**Work request**
Take the lines below from the one with "POD-система SOAK Q" through the one with "Training Command CG" and print only them, exactly. Don't print the pictures.
━━ Supplied data ━━
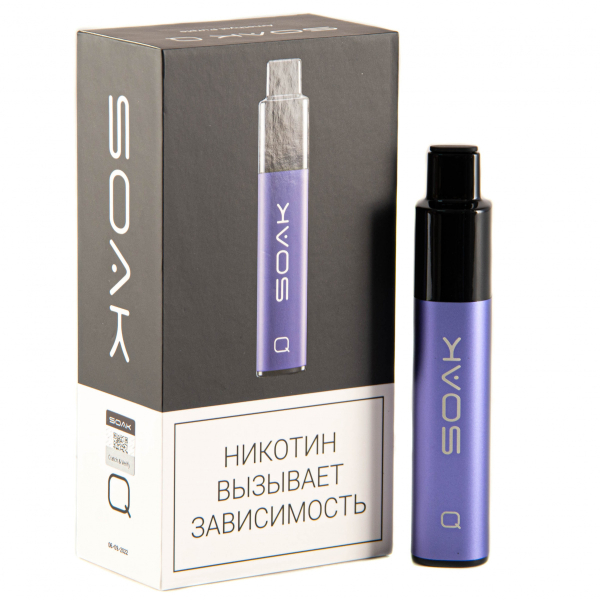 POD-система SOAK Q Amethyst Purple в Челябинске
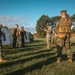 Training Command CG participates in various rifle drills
━━━
━━ Supplied data ━━
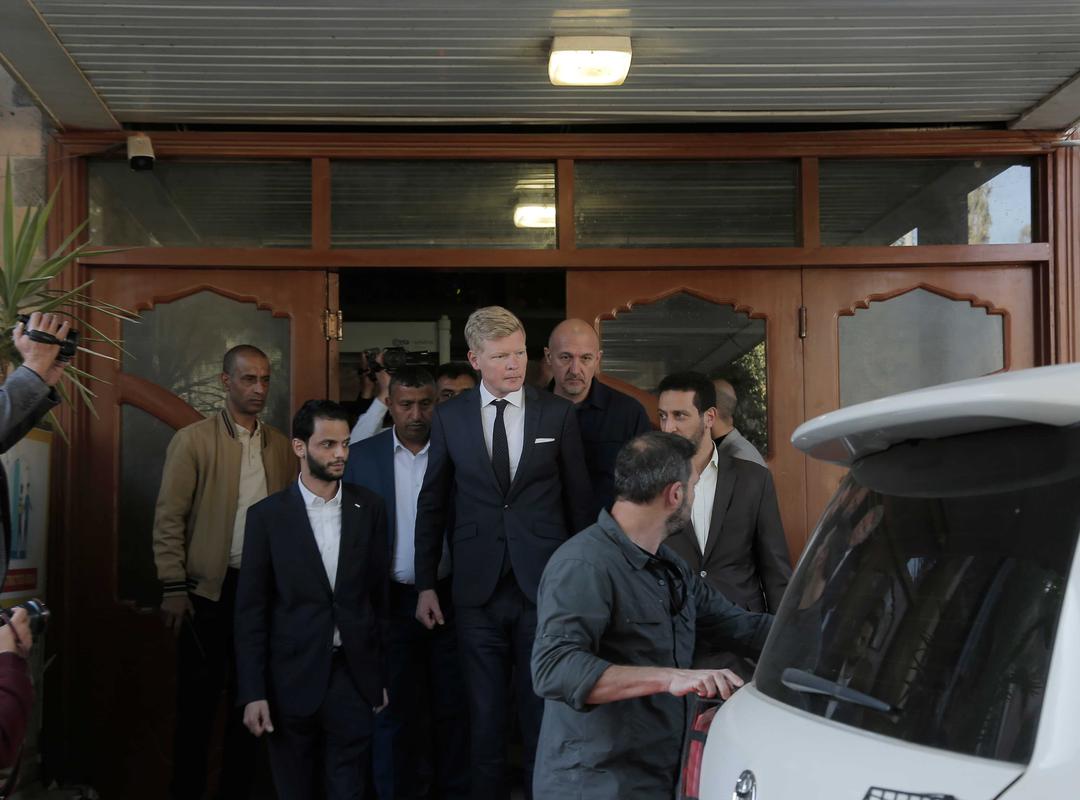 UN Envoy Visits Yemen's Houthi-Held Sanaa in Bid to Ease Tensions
━━━
**Expected output**
 POD-система SOAK Q Amethyst Purple в Челябинске
 Training Command CG participates in various rifle drills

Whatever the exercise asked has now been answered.